DagsterDocs

Composite Solids#

Dagster provides Composite Solids, which are a unit of abstraction for composing a solid from other solids.

Relevant APIs#

NameDescription
@composite_solidThe decorator used to define a composite solid.

Overview#

Solids are linked together by defining the dependencies between their inputs and outputs. Defining dependencies is usually done at the Pipeline level.

Composite solids also let you define solid dependencies to form an entirely new solid. This is useful for:

  • Organizing large or complicated graphs
  • Abstracting away complexity
  • Wrapping re-usable solids with domain-specific information

Refactoring a DAG of solids using composites is a very similar experience to refactoring code with functions. Defining a composite solid is similar to defining a pipeline, but composite solids can also provide mapping information to control how data and configuration enters and exists its inner graph of solids.


Defining a Composite Solid#

To define a composite solid, use the @composite_solid decorator.

We use function calls within the decorated function body to indicate the dependency structure between the solids making up the composite solid.

In this example, the add_one solid depends on the return_one solid's output. Because this data dependency exists, the return_one solid executes after add_one runs successfully and emits the required output.

@solid
def add_one(number: int):
    return number + 1


@solid
def multiply_by_three(number: int):
    return number * 3


@composite_solid(input_defs=[InputDefinition("number", int)])
def add_one_times_three_solid(number):
    return multiply_by_three(add_one(number))

Composite Solid Configuration#

By default, the config schemas for each solid in a composite solid is hoisted up to the composite solid itself, under the solid key.

In this example, you have two solids that both take config and are wrapped by a composite solid.

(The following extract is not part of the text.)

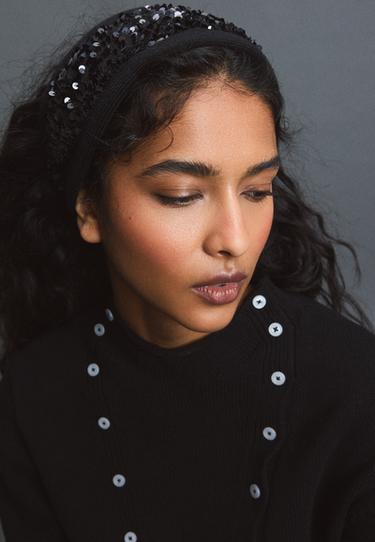 Sequin headband — Black 4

@solid(config_schema={"n": int})
def add_n(context, number: int):
    return number + context.solid_config["n"]


@solid(config_schema={"m": int})
def multiply_by_m(context, number: int):
    return number * context.solid_config["m"]


@composite_solid(input_defs=[InputDefinition("number", int)])
def add_n_times_m_solid(number):
    return multiply_by_m(add_n(number))

To run a pipeline with this composite solid, you will need to specify the config for both add_n and multiply_by_m through the composite solid:

solids:
  add_n_times_m_solid:
    inputs:
      number: 0
    solids:
      add_n:
        config:
          n: 3
      multiply_by_m:
        config:
          m: 2

Configuration Mapping#

Composite solids can also define a config schema. When a composite solid defines a config schema, it must also define a config_mapping_fn to map the composite solids config to the wrapped solids' config.

def config_mapping_fn(config):
    x = config["x"]
    return {"add_n": {"config": {"n": x}}, "multiply_by_m": {"config": {"m": x}}}


@composite_solid(
    config_fn=config_mapping_fn,
    config_schema={"x": int},
    input_defs=[InputDefinition("number", int)],
)
def add_x_multiply_by_x(number):
    return multiply_by_m(add_n(number))

In this example, the composite solid has only one field in the config schema: x. The config mapping function takes config provided to the composite solid and maps it to the wrapped solids.